I'm bummed out on politics for the moment and as Keith Olbermann does more often than not escape into the world of sports entertainment as Plan B. Just to piss off Glenn Beck and annoy Rush Limbaugh who hasn't thought of it, I am applying for the position of College Football Czar as an adviser to President Obama.
With the powers invested in me by executive order, the first and only decision I will make is abolish the Bowl Championship Series aka BCS.
College football is the only major sport in America not decided on the field but by sportswriters, broadcasters, coaches and computers. It is not an objective way to determine a national champion. The reason it is this way is money, greed by college presidents and ESPN.
My plan is to install a 16-team playoff format. It would consist of conference champions, independents-at-large (i.e. Notre Dame) and, if necessary, conference runners-up if their records warrant an invitation to the Sweet 16. That way, the school ranked 17th, has no one to blame but itself. More on those guys later.
I would reduce the season to 11 games that would conclude on the Thanksgiving weekend with conference championship games played. The three Saturdays in December would hold the first three rounds of the playoffs. The national championship game would be played the first week in January. Proceeds from the games would be distributed proportionally to all the conferences participating based on how far they progressed.
That would mean the most any two teams would play is 15 games in a season which is two more than the way it is now under the BCS. Four teams would play 14 and, of course, 16 play 13. I believe that deflates the argument the college football season is too long since more than 100 other NCAA Division One teams would play 11 or 12 at the most.
Most of the nation is glued to their television sets during March Madness when college basketball holds its 64-team tournaments. Who's to say college football couldn't draw equal frenzy?
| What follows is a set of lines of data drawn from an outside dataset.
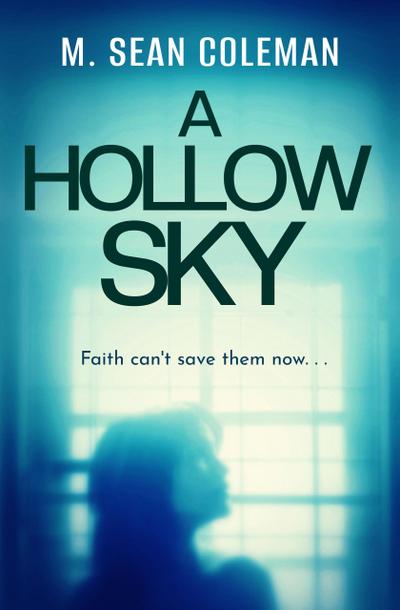 A Hollow Sky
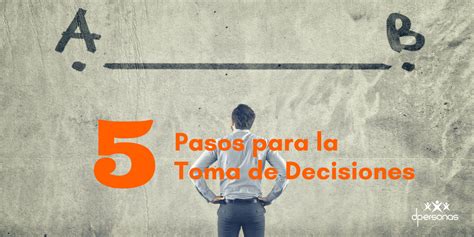 5 Pasos Para Tomar Buenas Decisiones Dpersonas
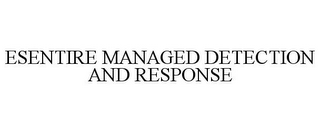 ESENTIRE MANAGED DETECTION AND RESPONSE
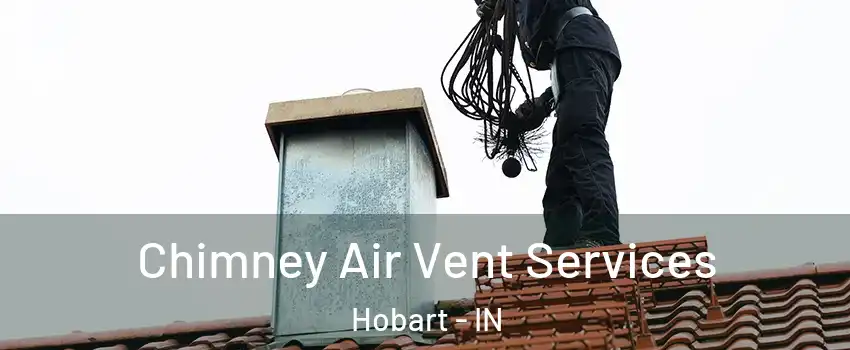  Chimney Air Vent Services Hobart - IN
Under the playoff system, no longer would we hear sour grapes from Boise State or TCU because they played a weaker conference schedule than the SEC, Big 8, Big 10 or Pac 10.
It also would determine if the Southeast Conference is really the best football conference in America. They say they are but that's not enough. Prove it on the gridiron, not the press box.
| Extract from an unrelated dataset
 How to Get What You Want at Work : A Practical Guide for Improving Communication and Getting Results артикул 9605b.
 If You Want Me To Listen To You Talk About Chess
I'm a native Southern Californian and for years believe the East Coast bias short-changed the really good teams playing in that media's wrong time zone. USC under coach Pete Carroll has received its national acclaim rightfully. But, why are they in the top 20 at the moment when they have been killed by Oregon and Stanford as well as losing to Washington?
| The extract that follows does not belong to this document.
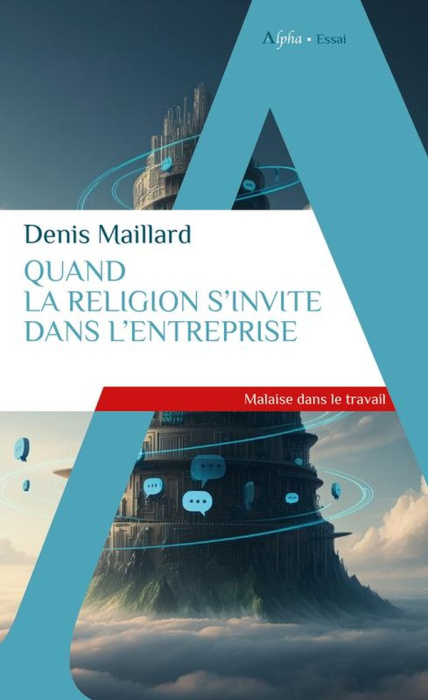 Emprunter Quand la religion s'invite dans l'entreprise. Malaise dans le travail livre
Stanford is getting no love outside of the West Coast because they have the reputation of bad teams in the past. The last two weekends they could have beaten Florida, Alabama or Texas. The Pac 10 does not have a championship game so their chances for the national title are nil in the BCS format but a darling of destiny in a playoff system.
Under the playoff system, teams not qualifying could still play in bowl games and the bragging rights for the winners just the same as under the BCS. Last year, the Pac 10 was 5-0 in bowl games which raised no eyebrows from those elitist experts on the East Coast.
Unless they lose their next games, the BCS most likely will select either an undefeated Boise State or TCU play the loser of the SEC championship game. That's a half loaf compared to what really would be meaningful under a playoff format.
You see, Glenn Beck, being a czar is not a bad gig. Besides, I have the president covering my backside. He, too, wants a playoff system in college football.
Yours truly, a West Coast biased football fan. Go (Oregon) Ducks. Go (Stanford) Cardinal.